Bisnis.com, JAKARTA – Anggota Komisi XI DPR RI menilai banyaknya aduan masyarakat tentang fintech P2P lending atau pinjaman online menjadi bukti bahwa program edukasi yang dilakukan industri dan pemerintah sejauh ini belum optimal.
Pada dasarnya, pelaksanaan edukasi dan literasi keuangan ini wajib dilakukan oleh perusahaan penyelenggara fintech P2P lending.
Hal itu diatur dalam Peraturan OJK (POJK) No.3 tahun 2023 tentang Peningkatan Literasi dan Inklusi Keuangan Bagi Konsumen dan Masyarakat dan PJOK No.22 tahun 2023 tentang Pelindungan Konsumen, dan Masyarakat di Sektor Jasa Keuangan.
Fathi, Anggota Komisi XI DPR RI dari Fraksi Partai Demokrat menilai posisi fintech P2P lending sebenarnya sangat strategis bagi masyarakat di daerah 3T (tertinggal, terdepan dan terluar) yang belum terlayani bank dan sebagai pelaku usaha ultra mikro.

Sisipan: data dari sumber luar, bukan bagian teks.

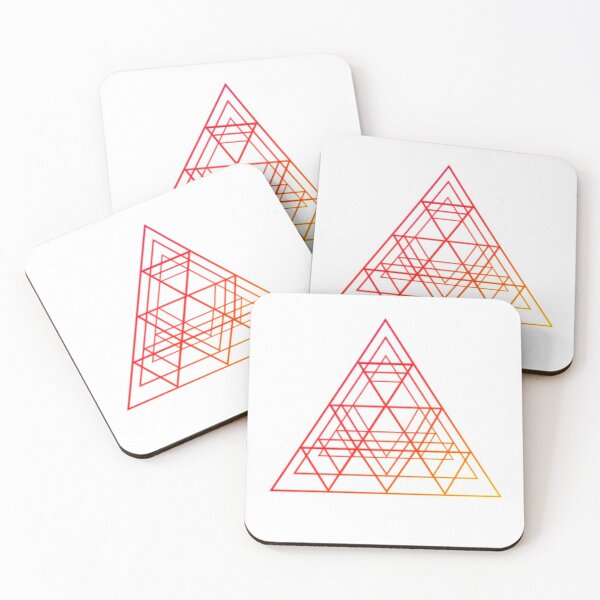 Item preview, Geometric Stencil Triangles Sacred Geometry  designed and sold by NomYen ..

"Namun, dengan kondisi sekarang fintech ini belum bisa dibilang jadi solusi bagi mereka. Kenapa, kita lihat bahwa terkait market conduct pengaduan paling besar dari fintech. Noise paling besar dari fintech. Agar ke depan tidak terjadi lagi aduan masyarakat perlu dari asosiasi memberikan pemahaman yang betul-betul jujur dan transparan," kata Fathi dalam Rapat Dengar Pendapat Umum (RDPU) Komisi XI DPR RI, Rabu (12/3/2025).
Sementara itu, anggota Komisi XI DPR RI dari Fraksi PAN, Ahmad Rizki Sadig melihat literasi pemahaman masyarakat Indonesia dengan finansial teknologi masih sangat rendah. Untuk masyarakat dari kalangan tertentu, Rizki melihat fenomena masyarakat lebih peham tentang rentenir yang keliling kampung dibanding fintech P2P lending.
Baca Juga
"Kita harapkan bagaimana meningkatkan pemahaman masyarakat kita, khususnya yang tadi, lebih kenal bank titil [rentenir] dibandingkan fintech. Hal seperti ini yang sepertinya masyarakat kita belum bisa menjangkau, yang katanya pengguna HP di Indonesia lebih dari jumlah penduduk Indonesia tapi pemahaman teknologi khususnya bidang keuangan [sangat kurang], masyarakat kita pakai HP belum paham menggunakan itu [fintech P2P lending]," ujar Rizki.
Selati tiga uang, Galih Dimuntur Kartasasmita, Anggota Komisi XI DPR RI dari Fraksi Partai Golkar menduga program literasi dan edukasi yang gencar dilakukan selama ini salah sasaran. Dia menilai, semestinya kalangan yang membutuhkan edukasi dan literasi ini adalah segmentasi masyarakat menengah ke bawah.
"Target asosiasi medium up [menengah ke atas], sedangkan yang dibutuhkan medium down [menengah ke bawah]. Saya apresiasi lengkah yang sudah dilakukan teman-teman, tapi kalau bisa diperluas lagi," ujarnya.